LDI’s methodology for estimating its entitlement to an additional obsolescence adjustment is valid. See Canal Square, 694 N.E.2d at 807. These calculations indicate that LDI should receive an obsolescence adjustment of at least 39%. Consequently, it was up to the State Board to rebut LDI’s prima facie case and deal with LDI’s evidence in a meaningful manner. See Clark, 694 N.E.2d at 1235. Instead, it rejected the evidence because it was confused and, because it was confused, “the evidence must have been manipulated.” This Court will not uphold a State Board decision rejecting a taxpayer’s evidence when the State Board fails to make any findings that the evidence is inaccurate or unreliable. See Canal Square, 694 N.E.2d at 807 (citations omitted).
CONCLUSION

For the aforementioned reasons, the Court AFFIRMS the State Board’s final determination on Issues I and II. The Court, however, REVERSES the final determination with respect to Issue III. Consequently, Issue III is REMANDED to the Indiana Board of Tax Review See footnote in order to instruct the local assessing officials to award LDI’s improvement with a 39% obsolescence adjustment.


Footnote: The State Board of Tax Commissioners (State Board) was originally the Respondent in this appeal. However, the Legislature abolished the State Board as of December 31, 2001. 2001 Ind. Acts 198 § 119(b)(2). Effective January 1, 2002, the Legislature created the Department of Local Government Finance (DLGF) and the Indiana Board of Tax Review (Indiana Board). Ind. Code §§ 6-1.1-30-1.1 (West Supp. 2003)(eff.1-1-02); 6-1.5-1-3 (West. Supp. 2003)(eff. 1-1-02); 2001 Ind. Acts 198 §§ 66, 95. Pursuant to Indiana Code § 6-1.5-5-8, the DLGF is substituted for the State Board in appeals from final determinations of the State Board that were issued before January 1, 2002. Ind. Code § 6-1.5-5-8 (West Supp. 2003)(eff. 1-1-02); 2001 Ind. Acts 198 § 95. Moreover, the law in effect prior to January 1, 2002 applies to these appeals. I.C. § 6-1.5-5-8. See also 2001 Ind. Acts 198 § 117. Although the DLGF has been substituted as the Respondent, this Court will still reference the State Board throughout this opinion.

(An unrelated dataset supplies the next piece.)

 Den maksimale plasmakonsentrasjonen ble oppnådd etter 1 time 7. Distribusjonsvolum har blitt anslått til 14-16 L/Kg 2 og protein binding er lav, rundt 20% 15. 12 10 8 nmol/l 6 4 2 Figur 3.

Footnote: The change in condition rating reduced LDI’s assessment from $628,900 to $565,400.

Footnote: “Because structures sometimes fall between major classifications . . . a method of interpolation is built into the system.” Ind. Admin. Code tit. 50, r. 2.2-10-3(c) (1996). Therefore:

Plus or minus two (+/- 2) indicates that the grade falls halfway between the assigned grade classification and the grade immediately above or below it. For example, a grade of “C+2” indicates that the quality and design grade classification is estimated to fall halfway between “C” and “B” or average to good construction. . . .

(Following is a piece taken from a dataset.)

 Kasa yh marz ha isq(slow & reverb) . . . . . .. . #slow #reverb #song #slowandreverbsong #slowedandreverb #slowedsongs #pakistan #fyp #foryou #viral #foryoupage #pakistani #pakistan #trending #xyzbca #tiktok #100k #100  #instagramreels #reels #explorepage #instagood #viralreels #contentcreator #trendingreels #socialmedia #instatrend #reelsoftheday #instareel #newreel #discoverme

Plus or minus one (+/- 1) indicates that the grade falls slightly above or below the assigned grade classification, or at a point approximately twenty-five percent (25%) of the interval between the assigned grade classification and the grade immediately above or below it. For example, a grade of “C+1” indicates that the quality and design grade classification is estimated to be slightly better than average or approximately halfway between a “C” grade and a “C+2” grade.

Id.


Footnote: LDI alleges the following properties are comparable:

146 East Market Street: constructed in 1922; assigned a grade of “C.”
155 East Market Street: constructed in 1926; assigned a grade of “C+2.”
107 North Pennsylvania: constructed in 1922; assigned a grade of “C.”
108 North Pennsylvania: constructed in 1915; assigned a grade of “C.”
5 East Market Street: constructed in 1929; assigned a grade of “B-1.”
17 West Market Street: constructed in 1929; assigned a grade of “B-2.”

( See Cert. Admin. R. at 115-16.)


Footnote: This Court has previously held that, in many ways, the State Board’s regulations regarding grade “are so subjective as to be unclear.” Town of St. John v. State Bd. of Tax Comm’rs, 690 N.E.2d 370, 386 (Ind. Tax Ct. 1997), rev’d in part on other grounds by 702 N.E.2d 1034 (Ind. 1998). Nevertheless, it expects taxpayers who are appealing a grade issue to do more than merely regurgitate the language found in the regulations when presenting their case. Rather, taxpayers are expected to present specific reasons as to why they think, for instance, a building’s style is “moderately attractive” as opposed to “architecturally attractive.” Those reasons may be based on the taxpayer’s subjective judgment.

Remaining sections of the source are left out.